“Oh, indeed,” said Ada, and added witheringly. “I’m sorry I’m so late.” She was frowning with exasperation, but her expression soon cleared. She leaned forward, earnest as a woman could be, looking fresh and lovely.

Rollison wondered if her earnestness explained why no one had yet married her. More likely she was trying to make sure that no one married her for her millions.

“Rolly, I know Jimmy Jones quite well,” she said. “He’s one of the best of the younger men at the firm, and we’ve been letting him have an insight into all the departments, although he doesn’t know why yet. Reggie thinks he can become really good, if he recovers.”

“He will.”

Will he really be quite all right again?” Ada asked, intently. “Or will it affect him for the rest of his life?
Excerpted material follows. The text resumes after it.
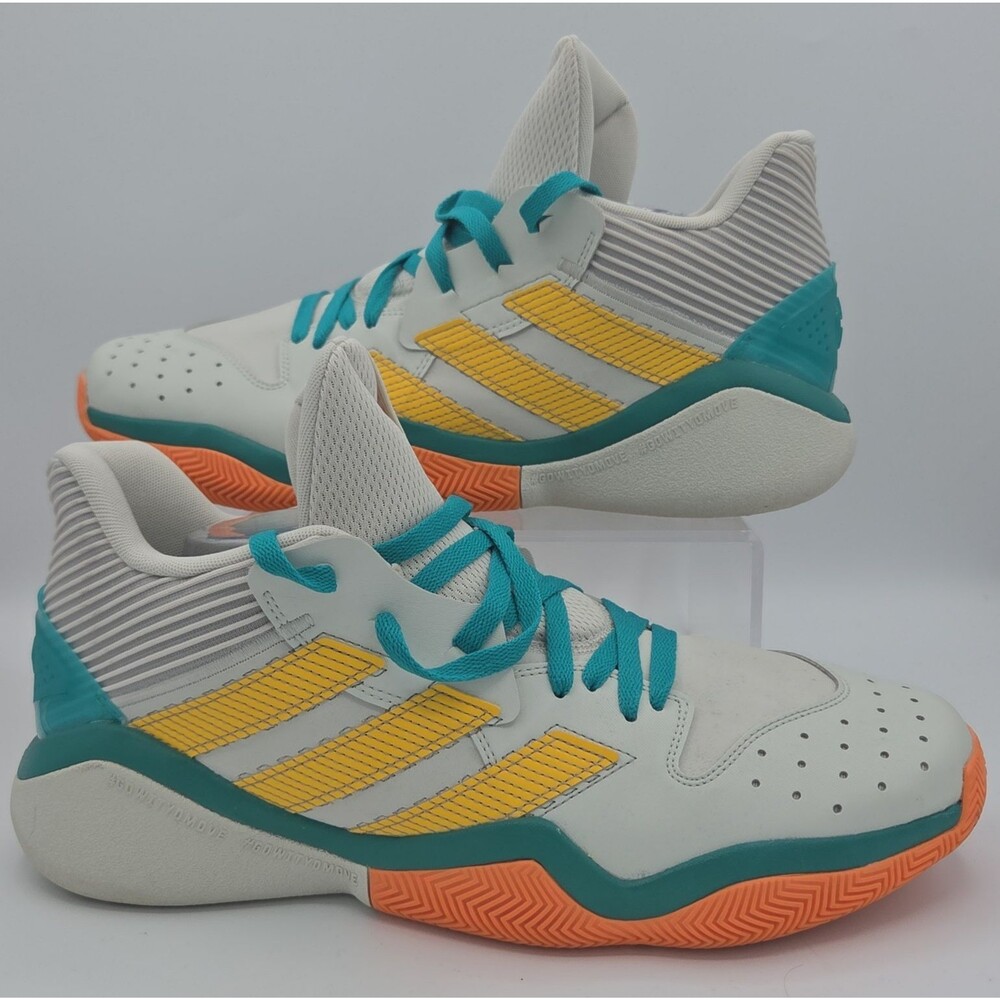 NWOB adidas Stabil Next Gen White Gold Teal EH1944 Men SZ 12 Indoor Court Shoes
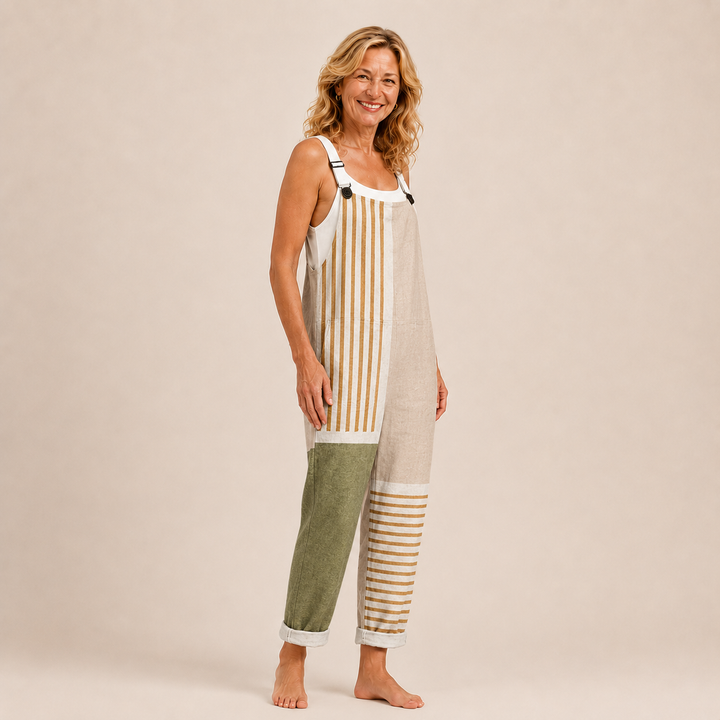 Juliette | Natural Striped, Bright and Refined Jumpsuit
I’ve been studying some of the reports of this kind of beating up, and in several cases the victims have become almost simple.”

“I don’t think you need worry about Jones,” said Rollison reassuringly. “I’ve a contact at the hospital who says that he’ll recover completely. His chief trouble will be resisting the desire to get his own back.”

“Well, I wouldn’t blame him,” Ada said, and went on abruptly: “Why didn’t you expect Superintendent Grice to find the two men?”

It was like Ada Jepson to go straight to the heart of a matter, without hesitation and without fencing, to see the significance of every question or comment; one had to get up very early to fool Ada.

Rollison was as frank as she deserved.

“If this had been an ordinary beating up, robbery with violence, Grice wouldn’t have been called in. You at Jepsons might have pulled some strings at the Yard to get a Superintendent, but Grice was on the job before you’d had time to—probably before you knew what had happened. So it wasn’t ordinary robbery with violence. Nor was it the first of its kind.